Give all the lines below again, exactly, with no pictures.

··· Stored data ···

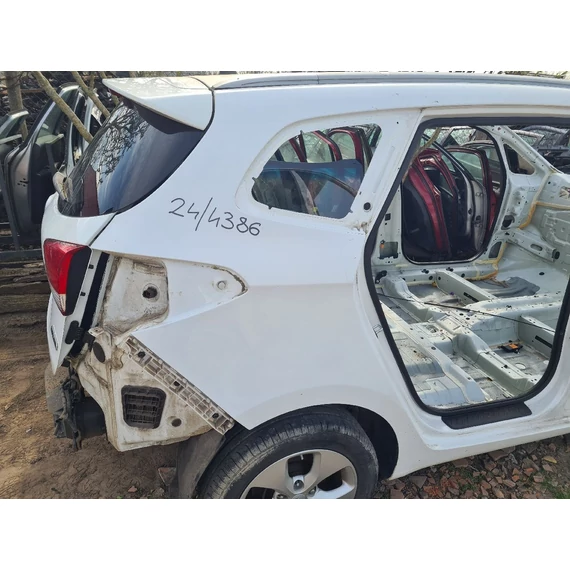KIA CARENS (RP) jobb hátsó sárvédő negyed
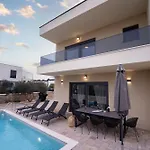 Holiday home Matea *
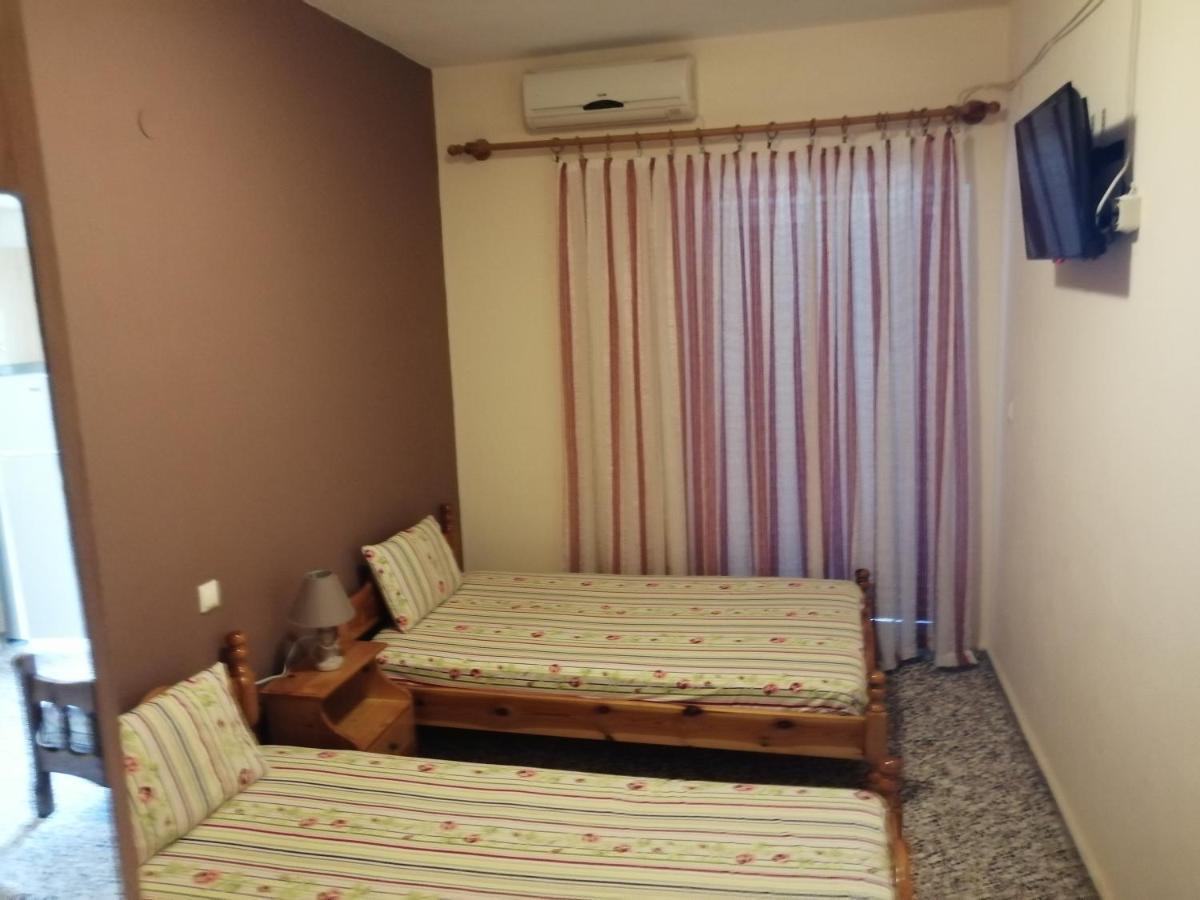 Aparthotel Ο Ακλόνητος Néa Meságkala Esterno foto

···

**Response area**
KIA CARENS (RP) jobb hátsó sárvédő negyed
 Holiday home Matea *
 Aparthotel Ο Ακλόνητος Néa Meságkala Esterno foto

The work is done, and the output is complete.